In 1964-65, the Revolution’s leadership responded to a request from national liberation forces in the former Congo-Léopoldville — today the Democratic Republic of the Congo — and Commander Ernesto Che Guevara, together with dozens of Cuban combatants, went to fight together with them; another group was sent to the former Congo-Brazzaville.

At the time, Portuguese colonialism faced several independence movements in Sub-Saharan Africa. In ’66, the Cubans provided their aid – military, medical and material – to the anti-imperialist forces of the African Party of Independence of Guinea-Bissau and Cape Verde (PAIGC).

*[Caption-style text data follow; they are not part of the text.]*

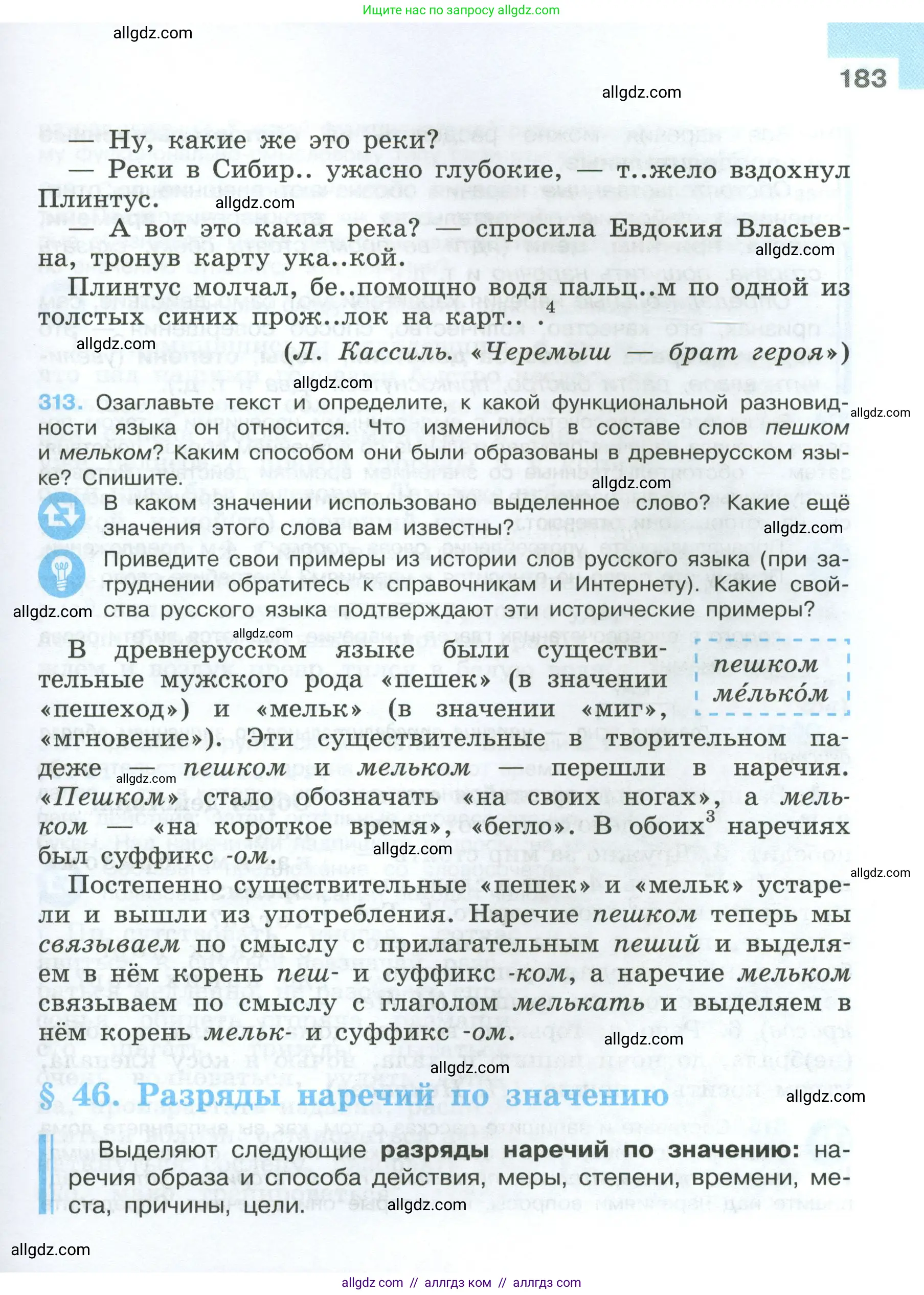 Русский язык, 7 класс Учебник, авторы: Баранов Михаил Трофимович, Ладыженская Таиса Алексеевна, Тростенцова Лидия Александровна, Ладыженская Наталия Вениаминовна, Александрова Ольга Макаровна, Дейкина Алевтина Дмитриевна, Антонова Любовь Геннадиевна, Григорян Лариса Трофимовна, Кулибаба Иван Иванович, издательство Просвещение, Москва, 2023, зелёного цвета, Часть 1, страница 183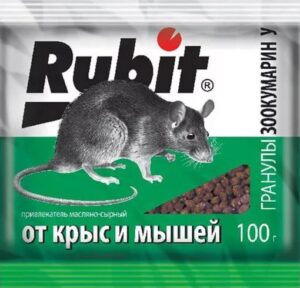 Средства от грызунов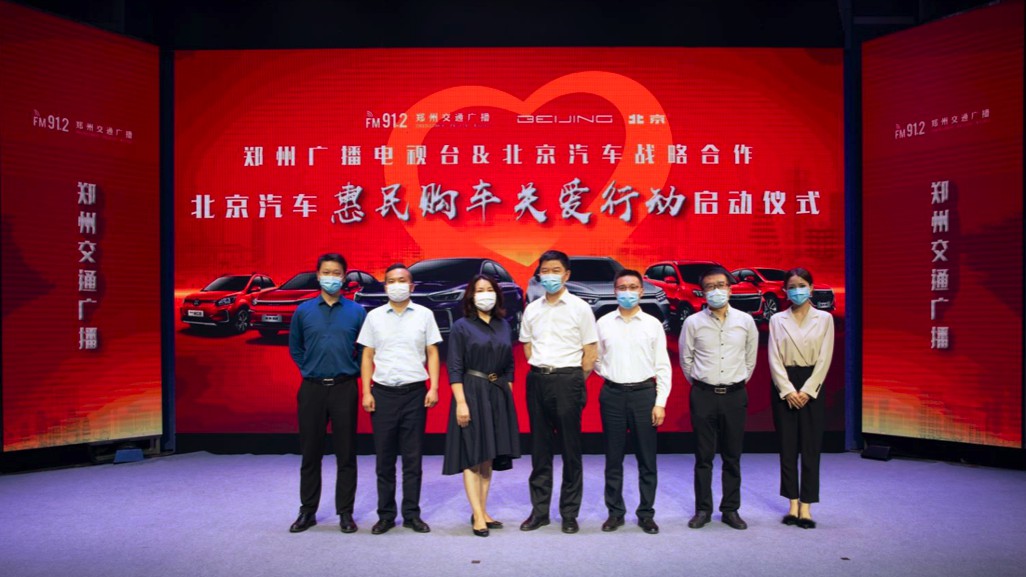 北京汽车与郑州广播电视台联合启动“北京汽车惠民购车关爱行动”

After a decade of armed struggle, Portugal admitted its defeat and on September 10, 1974, Guinea-Bissau won its freedom.

Likewise, the Cubans fought together with the revolutionaries of Mozambique and Ethiopia, and helped the newly-sovereign governments create and train their armed forces.

From 1975 to 1990, some 400,000 Cubans voluntarily left their homes and families and crossed the ocean to fight side-by-side with the Angolan people, who after winning their independence from Portugal, faced invasions from the South African and Zairian regimes and counterrevolutionary forces allied with those governments and backed by the USA.

More than 2,000 Cuban internationalists gave their lives to defend Angola’s independence, win Namibia’s and contribute decisively to the overthrow of apartheid in South Africa.

Many Cubans participated in more than one of these struggles; some who fought in the Congo, for example, also fought – and died – in Angola.

“The Cubans came to our region as doctors, teachers, soldiers, agricultural experts, but never as colonizers,” affirmed South African liberation leader Nelson Mandela. “They have shared the same trenches with us in the struggle against colonialism, underdevelopment, and apartheid. Hundreds of Cubans have given their lives, literally, in a struggle that was, first and foremost, not theirs but ours. As Southern Africans we salute them. We vow never to forget this unparalleled example of selfless internationalism.”